Created attachment 188378 [details] fix pool deletion "try and fallback" bug Error example: /sbin/zfs snapshot -r zroot/root@daily-2017-09-03_03.42.52--1w ... DONE /sbin/zfs snapshot -r zroot/var@daily-2017-09-03_03.42.52--1w ... DONE /sbin/zfs snapshot -r zroot/usr@daily-2017-09-03_03.42.52--1w ... DONE /sbin/zfs snapshot -r zroot/home@daily-2017-09-03_03.42.52--1w ... DONE /sbin/zfs snapshot -r zroot/ps@daily-2017-09-03_03.42.52--1w ... DONE /sbin/zfs snapshot -r zroot/poudriere@daily-2017-09-03_03.42.52--1w ... DONE /sbin/zfs snapshot -r zdata/media@daily-2017-09-03_03.42.52--1w ... DONE FATAL: trying to delete zfs pool or filesystem? WTF? This is bug, we definitely don't want that. Please report it to https://github.com/graudeejs/zfSnap/issues Don't panic, nothing was deleted :) Exact problem is that rm_zfs_snapshot() uses variable "i" as storage for snapshot name. But if one uses -s/-S options, that function calls skip_pool(), and last function uses variable "i" as pool name storage. But the variable is global so its contents become overwritten with pool name instead of snapshot name. Fix is truly trivial - just make "i" local in skip_pool(). // I don't plan to report this problem upstream because zfsnap[1] development fully stopped a few years ago.
How to repeat: Just run something like "zfSnap -d -s -S -p 'hourly-' -p 'daily-' -p 'weekly-' -p 'monthly-' -p 'reboot-'" on a pool that has respective snapshots and running scrub/resilver currently.
Comment on attachment 188378 [details] fix pool deletion "try and fallback" bug Discovered that patch is incorrect because doesn't apply on "make patch" in port directory. Anyway, fix itself is correct.
Created attachment 188452 [details] revised patch
Requesting forced commit because of maintainer timeout.
A commit references this bug: Author: eugen Date: Mon Jan 22 17:05:49 UTC 2018 New revision: 459676 URL: https://svnweb.freebsd.org/changeset/ports/459676 Log: sysutils/zfsnap: fix -s/-S mode. Move creation of files from "do-patch" to "post-extract" target, so that patches from files/ directory get applied.

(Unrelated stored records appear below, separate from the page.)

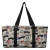 Americana Drive Print Large Canvas Utility Tote Bag-Black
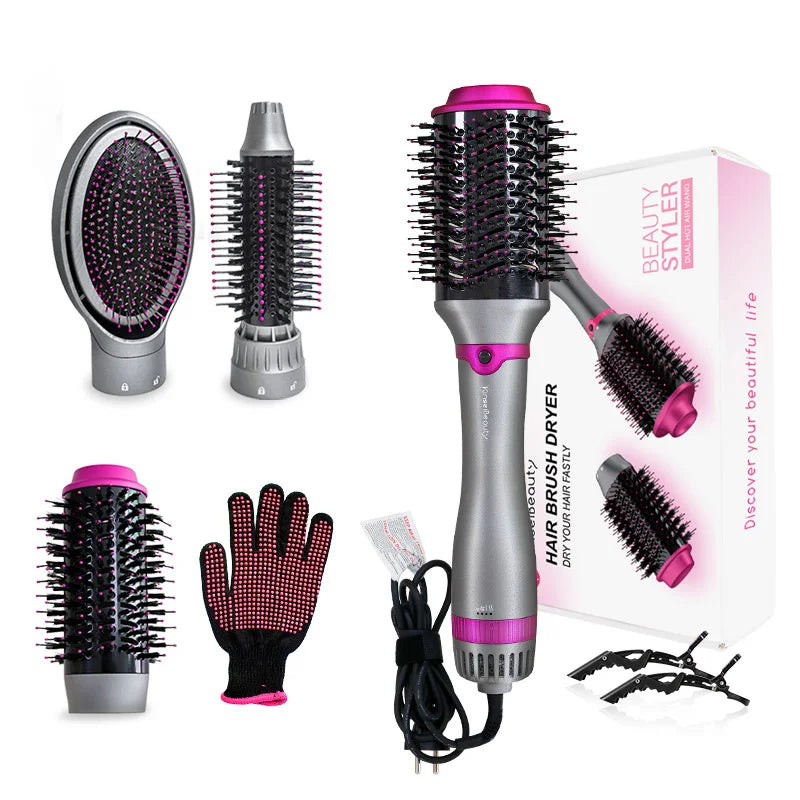 One Step Hair Blower Brush 360 Rotating Power Cable Hot Air Paddle Styling Brush Negative Ion Generator Curling Combair Straigh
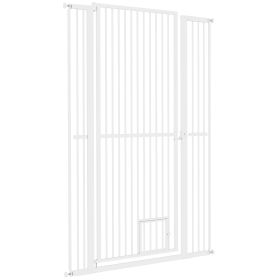 59" Extra Tall Pet Gate, 30"-41" Dog Gate with Cat Door, 1.4" Narrow Gap, 2.8" and 5.5" Extension, for Doorway, Hallway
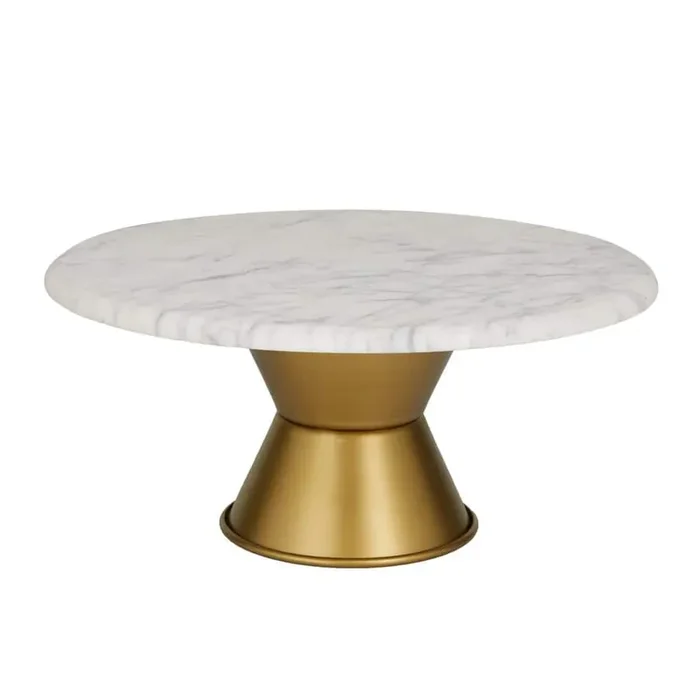 1-Tier Glam Round White Marble Cake Stand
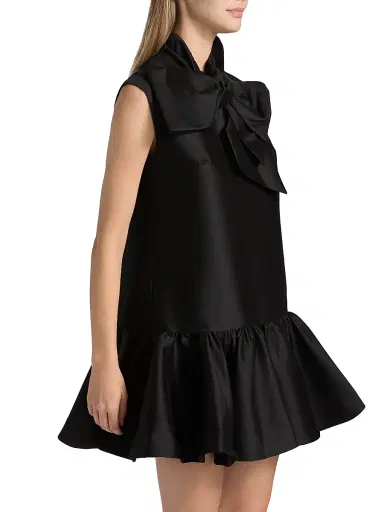 Zimmermann Women's Hypnotic Wool-Silk Tieneck Minidress - Black | Thumbnail 4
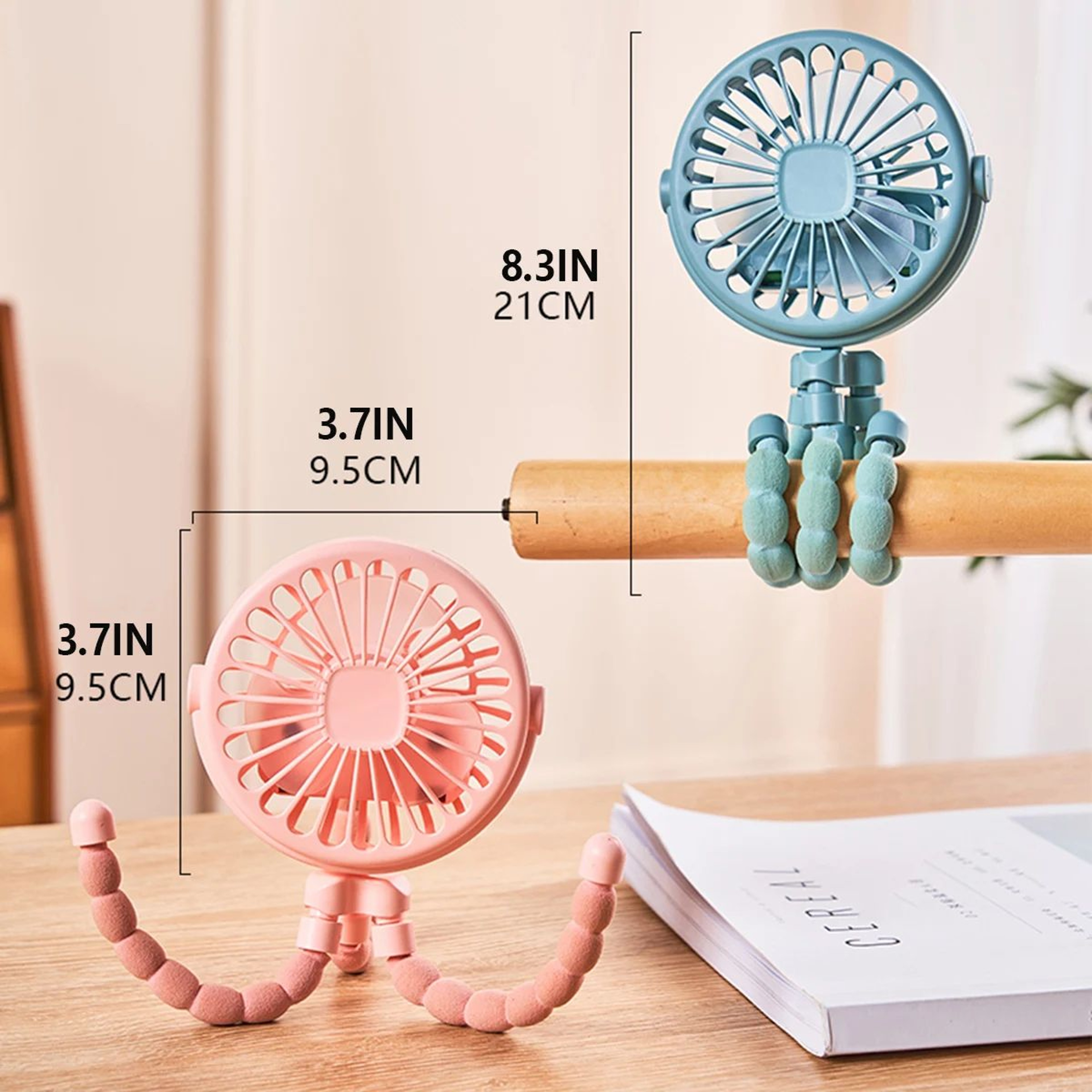 Octopus Handheld Fan  Rechargeable Mini Fan With Night Light  4Mode StandHang Design 0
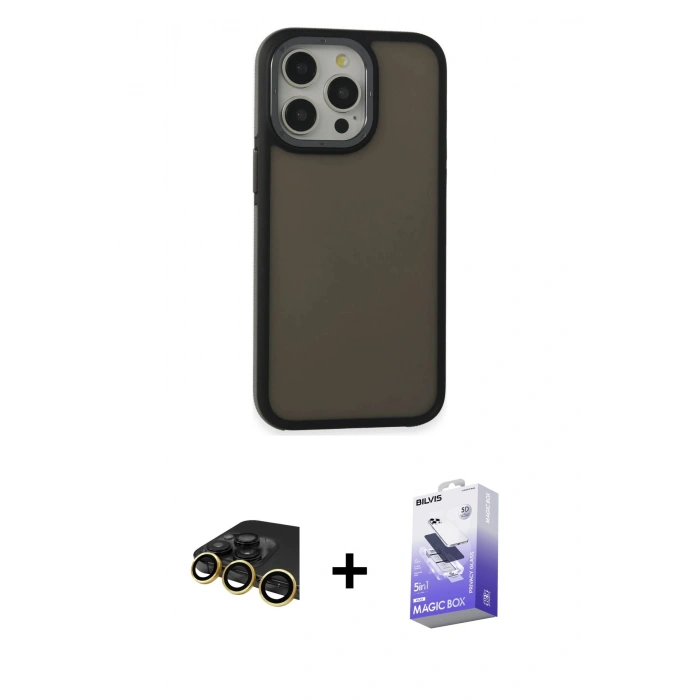 MARSİLYAN™- iPhone 13 Pro Max Kılıf Eksen Işık - Siyah Bilvis 5in1 5D Magic Hayalet Cam Ekran Koruyucu + Raze Metal Kamera Lens - GD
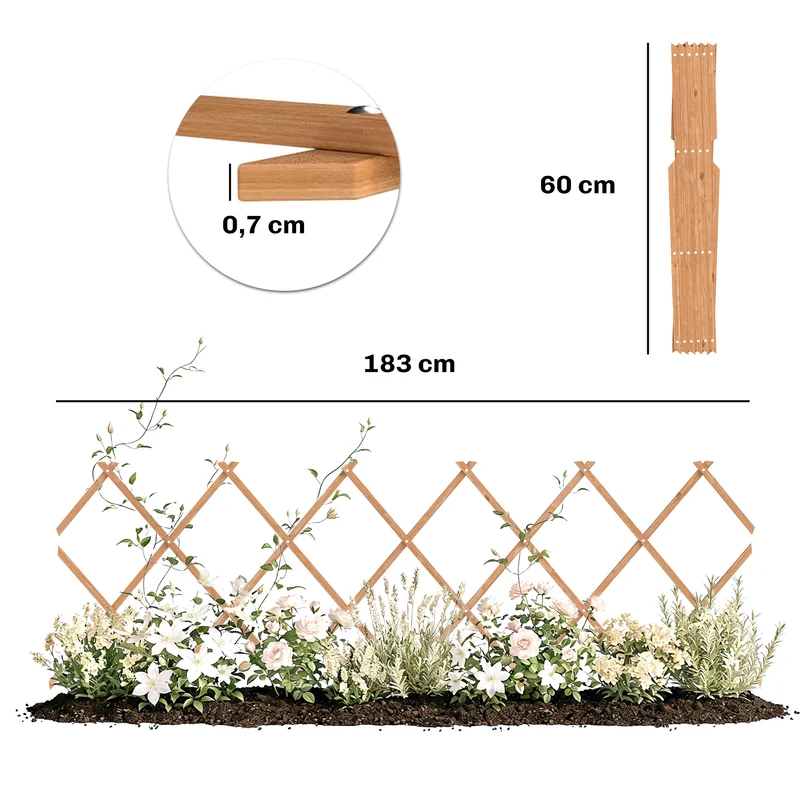 Outsunny Enrejado De Jardín De Madera Extensible 180x60 Cm Marrón Claro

While here, add LICENSE. PR: 223951 Submitted by: Anton Sayetsky <vsasjason@gmail.com> (based on) Approved by: yamagi@yamagi.org (maintainer timeout, 7 weeks) Changes: head/sysutils/zfsnap/Makefile head/sysutils/zfsnap/files/ head/sysutils/zfsnap/files/patch-zfSnap.sh
Committed with minor changes. Thank you for submission!
Ever since this was committed, my hourly snapshot deletion job creates a spurious snapshot every hour. # pkg query %v zfsnap 1.11.1_1 # sh -x /usr/local/sbin/zfSnap -d -p hourly- -p daily- -p weekly- -p monthly- zroot 2>&1 [...] + skip_pool zroot + local i + is_true false + return 1 + is_true false + return 1 + return 0 + echo zroot + sed -E -e s/^-// + [ zroot '=' zroot ] + zfs_snapshot='/sbin/zfs snapshot zroot@monthly-2018-02-16_02.16.26--1m' + is_false false + is_true false + return 1 + return 0 + /sbin/zfs snapshot zroot@monthly-2018-02-16_02.16.26--1m + is_true false + return 1 [...]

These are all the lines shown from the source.